The weekly magazine Garden and Forest existed for only nine years (1888–1897). Yet, in that brief span, it brought to light many of the issues that would influence the future of American environmentalism. In The City Natural, Shen Hou presents the first “biography” of this important but largely overlooked vehicle for individuals with the common goal of preserving nature in American civilization. 

As Hou’s study reveals, Garden and Forest was instrumental in redefining the fields of botany and horticulture, while also helping to shape the fledgling professions of landscape architecture and forestry. The publication actively called for reform in government policy, urban design, and future planning for the preservation and inclusion of nature in cities. It also attempted to shape public opinion on these issues through a democratic ideal that every citizen had the right (and need) to access nature. These notions would anticipate the conservation and “city beautiful” movements that followed in the early twentieth century.

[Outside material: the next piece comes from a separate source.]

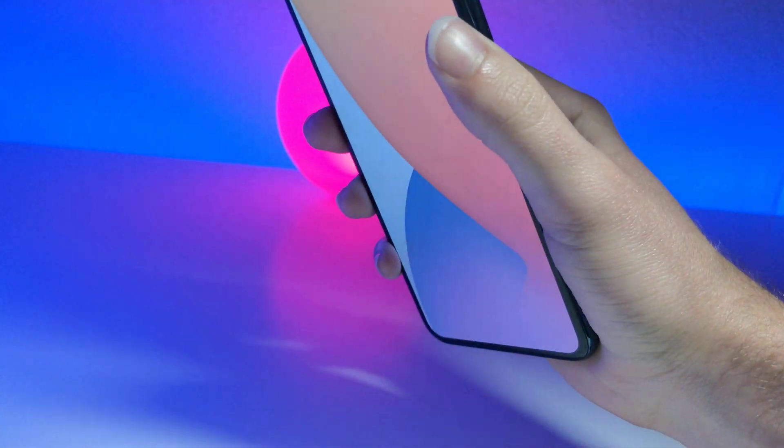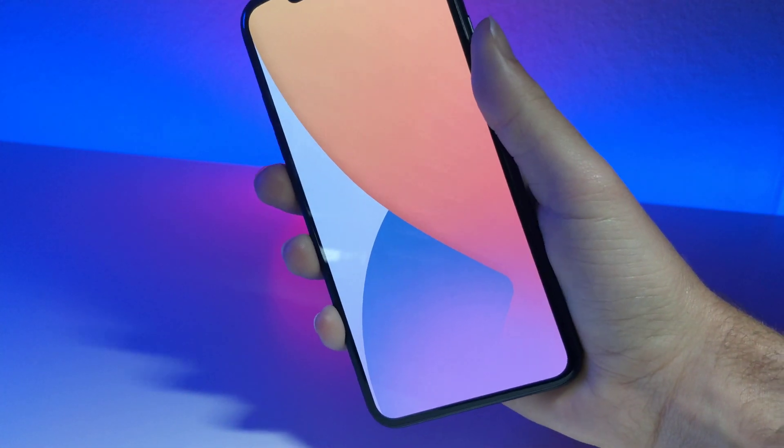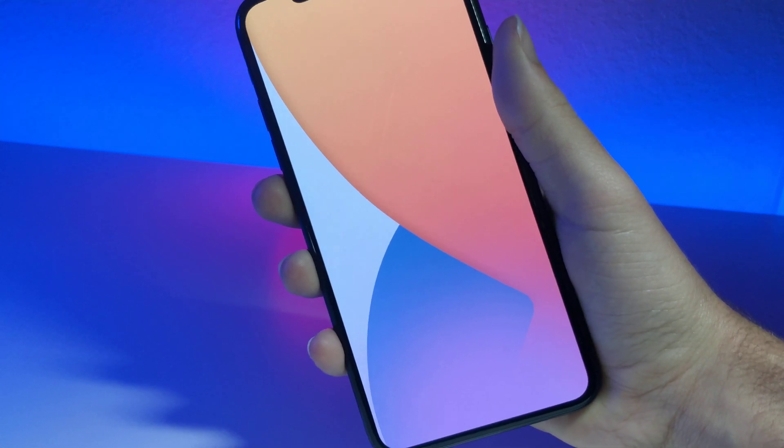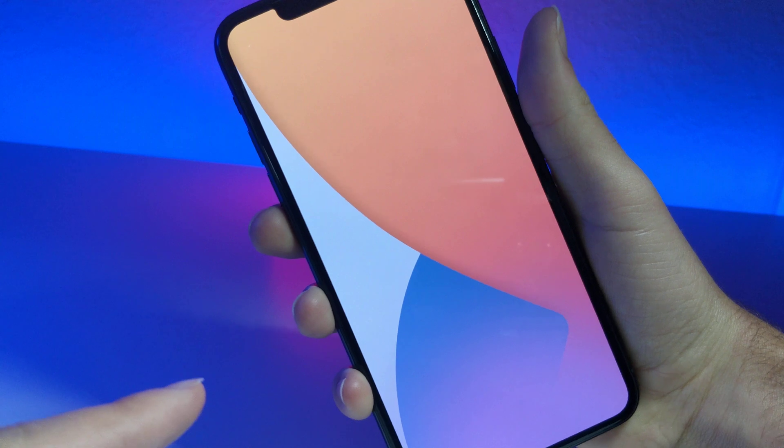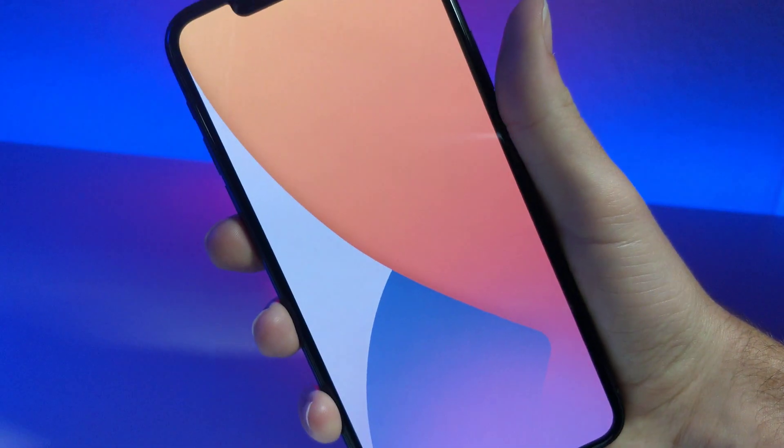So many videos are coming your way guys. I have so many awesome video ideas and comparisons. Oh my gosh, this is going to be awesome. So let's start off this awesome iOS 14 year with an epic wallpaper video.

Hou explains the social and environmental conditions that led to the rise of reform efforts, organizations, and publications such as Garden and Forest. She reveals the intellectual core and vision of the magazine as a proponent of the city natural movement that sought to relate nature and civilization through the arts and sciences. Garden and Forest was a staunch advocate of urban living made better through careful planning and design. As Hou shows, the publication also promoted forest management and preservation, not only as a natural resource but as an economic one. She also profiles the editors and contributors who set the magazine’s tone and follows their efforts to expand America’s environmental expertise.

Through the pages of Garden and Forest, the early period of environmentalism was especially fruitful and optimistic; many individuals joined forces for the benefit of humankind and helped lay the foundation for a coherent national movement. Shen Hou’s study gives Garden and Forest its due and adds an important new chapter to the early history of American environmentalism.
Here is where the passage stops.